We do not consider this catastrophic bug that affects one person to be worth our small team's time.

[michaelklishin]

Investigation

After looking at a number of popular data services and HTTP servers, I conclude that they often
do not provide a similar health check, or its behavior is limited to process startup and a logged warning, and usually the documentation is limited to a mention of the warning.

There may be exceptions but the norm is to tell the user to figure certificate validation out
however they like, including a verification of expiration.

In addition, a very typical feature in the industry is to ask the user to provide a bundle full
of relevant certificates and use them plus a number of trusted roots that come from an OS-specific source. There is no other commonly used mechanism for determining which certificates are "relevant"
and which are not.

Therefore, @kmorwath's environment is not a typical case, and the claim that
determining what certificates are "relevant" from an arbitrary list of certificates
found in a PEM is at least not a solved problem in the industry.

Section 6 of RFC 5280 does
not really cover arbitrary certificates present in the chain in any reasonable detail.
The algorithm is based on traversing a chain of certificates where it is a known fact
that certificate N is issued by a certificate N-1 (the previous one) in the chain.

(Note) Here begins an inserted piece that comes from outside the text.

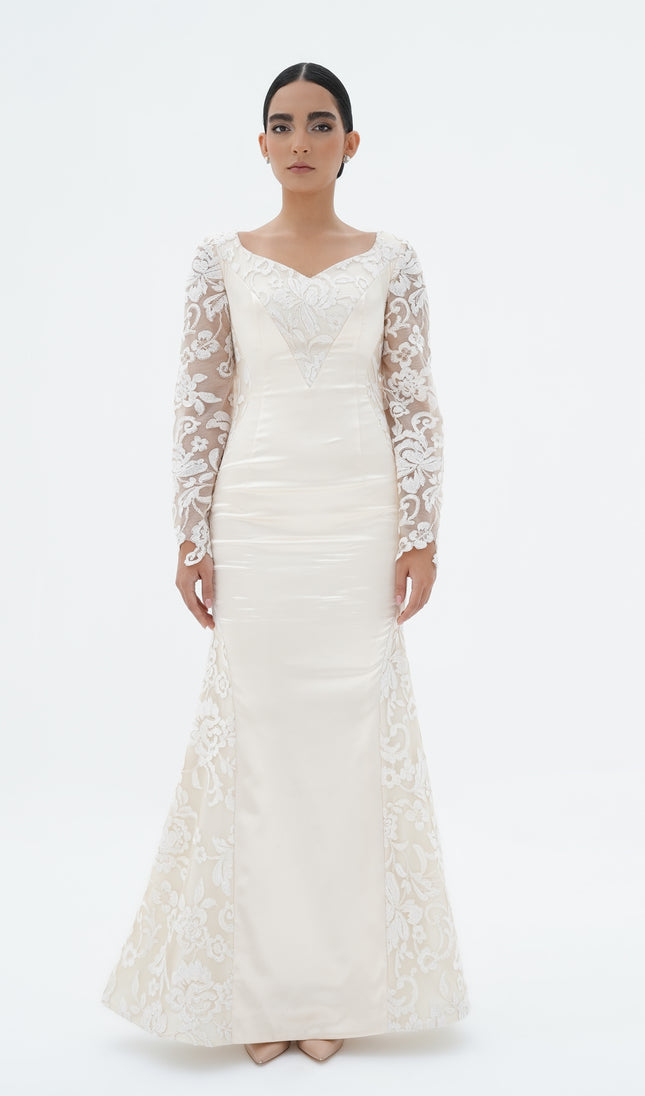 Brocade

Verifying such relation between every pair of certificates to find out expired certificates
should be possible but most tooling does not do that, or does not provide a similar
health check to begin with, for example:

• In pg-cert-check
• According to mongosh documentation and source code
• For etcd
• For nginx

and so on.

So what RabbitMQ's health check does seems to be a very standard thing to do
across a range of different a popular tools.

Documentation Updates

As of #13037 (which will ship in 4.1.0 and 4.0.6,
the behavior of this health check is documented in

1. The HTTP API reference page, where we have more space for details
2. In rabbitmq-diagnostics help check_certificate_expiration

In [1] we now explicitly recommend not using this health check in environments where either

A. An expired certificate in one of the bundles is a normal operating condition
B. Some certificates found in those files are not related to RabbitMQ operations in any way

An Alternative Solution

An alternative health check can be implemented as a very small command line tool
that would do something like this:

a. Load all relevant certificate bundles (how to determine which files are relevant outside of RabbitMQ is left to the reader to figure out)
b. Parse them
c. For each certificate, determine if it is "RabbitMQ-relevant" (how to do that is left to the reader to figure out using section 6 in RFC 5280 as a rule of thumb)
d. For every "RabbitMQ-relevant" certificate, verify the expiration date

This tool can be built using any programming language that has a PKI/x509 library, which is anything
even distantly popular.

I consider this case to be closed. If someone wants to provide an example of an alternative
algorithm with tests, knock yourself out.